Reflections on Girl. 1990. Silkscreen, lithograph, collaged PVC and embossing print. Corlette 245. Signed, dated, numbered and inscribed. Verso inscribed "RL 89-984". One of 16 artist proofs aside from the edition of 68 copies. On board by Somerset. 98.2 x 124 cm (38.6 x 48.8 in). Sheet: 114,5 x 139,5 cm (45 x 54,9 in). Printed and published by Tyler Graphics Ltd., Mont Kisco, New York (with blindstamp). Famous motif from the pop artist's renowned "Reflections" series.
PROVENANCE: Private collection lower Saxony.

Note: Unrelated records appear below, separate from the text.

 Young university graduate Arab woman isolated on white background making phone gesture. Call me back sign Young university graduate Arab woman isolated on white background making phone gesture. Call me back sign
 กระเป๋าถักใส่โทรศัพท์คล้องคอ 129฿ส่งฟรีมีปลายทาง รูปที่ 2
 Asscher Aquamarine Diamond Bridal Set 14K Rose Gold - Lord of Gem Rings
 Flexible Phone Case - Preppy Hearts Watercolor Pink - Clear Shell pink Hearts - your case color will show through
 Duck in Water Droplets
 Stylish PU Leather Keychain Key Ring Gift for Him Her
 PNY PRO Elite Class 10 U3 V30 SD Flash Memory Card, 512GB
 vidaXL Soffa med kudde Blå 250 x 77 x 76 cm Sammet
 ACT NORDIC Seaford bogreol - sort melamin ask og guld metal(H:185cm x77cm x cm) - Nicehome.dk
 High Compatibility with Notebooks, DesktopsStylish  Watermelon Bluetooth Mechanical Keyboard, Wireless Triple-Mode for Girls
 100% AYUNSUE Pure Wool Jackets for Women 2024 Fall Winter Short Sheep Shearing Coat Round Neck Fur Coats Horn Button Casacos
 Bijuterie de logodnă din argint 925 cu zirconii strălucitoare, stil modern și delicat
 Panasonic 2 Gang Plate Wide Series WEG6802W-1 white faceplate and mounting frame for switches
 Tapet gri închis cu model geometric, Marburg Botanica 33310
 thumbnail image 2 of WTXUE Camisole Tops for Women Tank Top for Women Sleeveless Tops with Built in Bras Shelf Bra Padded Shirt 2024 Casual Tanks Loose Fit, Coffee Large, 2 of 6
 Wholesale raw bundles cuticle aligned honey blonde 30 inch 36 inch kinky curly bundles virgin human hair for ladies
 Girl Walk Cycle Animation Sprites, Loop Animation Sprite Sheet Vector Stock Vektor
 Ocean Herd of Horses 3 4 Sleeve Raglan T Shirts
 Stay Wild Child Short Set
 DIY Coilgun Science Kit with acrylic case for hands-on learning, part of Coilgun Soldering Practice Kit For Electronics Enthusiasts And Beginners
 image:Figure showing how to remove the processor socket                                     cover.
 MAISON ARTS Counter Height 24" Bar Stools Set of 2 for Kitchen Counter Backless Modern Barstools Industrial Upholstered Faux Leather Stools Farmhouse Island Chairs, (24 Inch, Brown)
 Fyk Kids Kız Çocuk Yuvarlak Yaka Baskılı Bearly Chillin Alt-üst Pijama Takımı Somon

“Reflections on Girl” is the most popular motive of Roy Lichtenstein's conceptual “Reflections” series. The work is not only part of the current “ARTIST ROOMS” exhibition in the National Galleries of Scotland and Tate (March 2015 – January 2016), but even decorates the related poster. In this work, characterized by its typical Pop Art composition, Lichtenstein transforms a model from the comic “Falling in Love”: the effect of the colors is changed, the brunette turns into a blonde and receives a significant thought bubble filled with the text “H-He couldn't kiss me that way and be love someone else!” The result, also due to the overlapping abstract “Reflections” - the reflection stripes borrowed from the “Mirror” series -, is a work of great aesthetic attraction that focuses entirely on the protagonist's emotion.